INSTRUCTIONS FOR THE TASK >> Ignoring every picture, return the lines of the listing below word for word, from the line that holds "Risk 6pcs Bicycle" through the line that holds "Displaying world map".

DATASET >>
# # # #

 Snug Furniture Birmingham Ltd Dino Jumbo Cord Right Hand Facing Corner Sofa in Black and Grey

# # # #

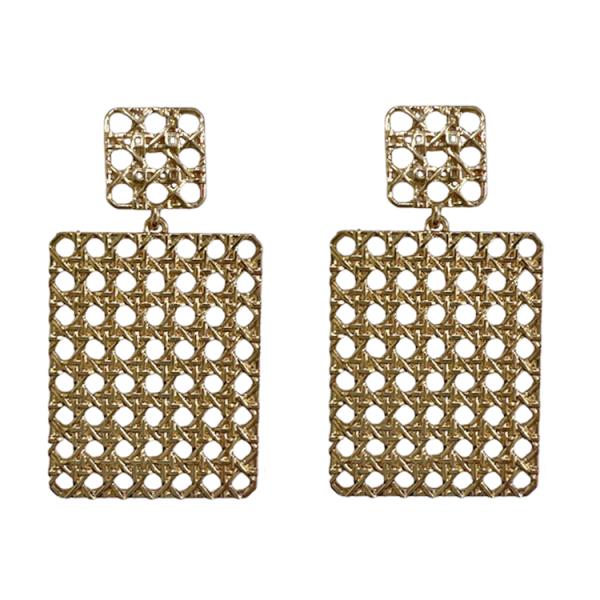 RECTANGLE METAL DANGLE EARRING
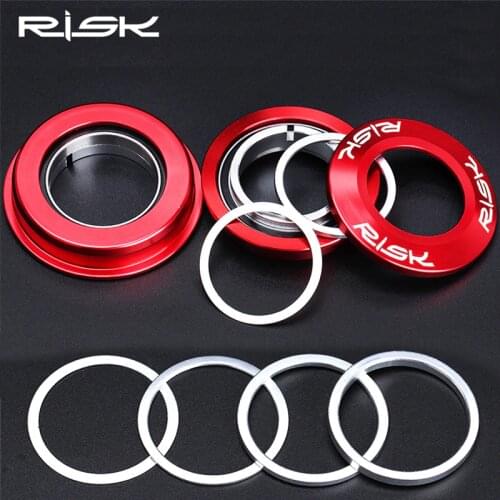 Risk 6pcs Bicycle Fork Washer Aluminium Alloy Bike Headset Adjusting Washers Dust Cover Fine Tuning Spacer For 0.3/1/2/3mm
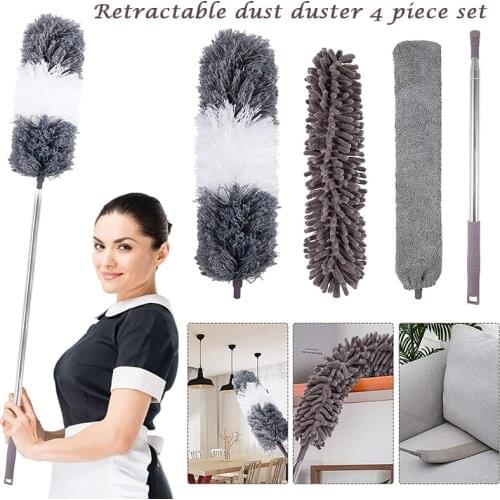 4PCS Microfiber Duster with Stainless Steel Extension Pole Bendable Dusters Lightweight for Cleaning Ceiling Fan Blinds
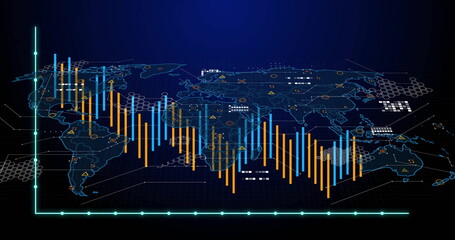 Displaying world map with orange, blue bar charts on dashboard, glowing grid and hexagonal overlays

# # # #

OUTPUT >>
 Risk 6pcs Bicycle Fork Washer Aluminium Alloy Bike Headset Adjusting Washers Dust Cover Fine Tuning Spacer For 0.3/1/2/3mm
 4PCS Microfiber Duster with Stainless Steel Extension Pole Bendable Dusters Lightweight for Cleaning Ceiling Fan Blinds
 Displaying world map with orange, blue bar charts on dashboard, glowing grid and hexagonal overlays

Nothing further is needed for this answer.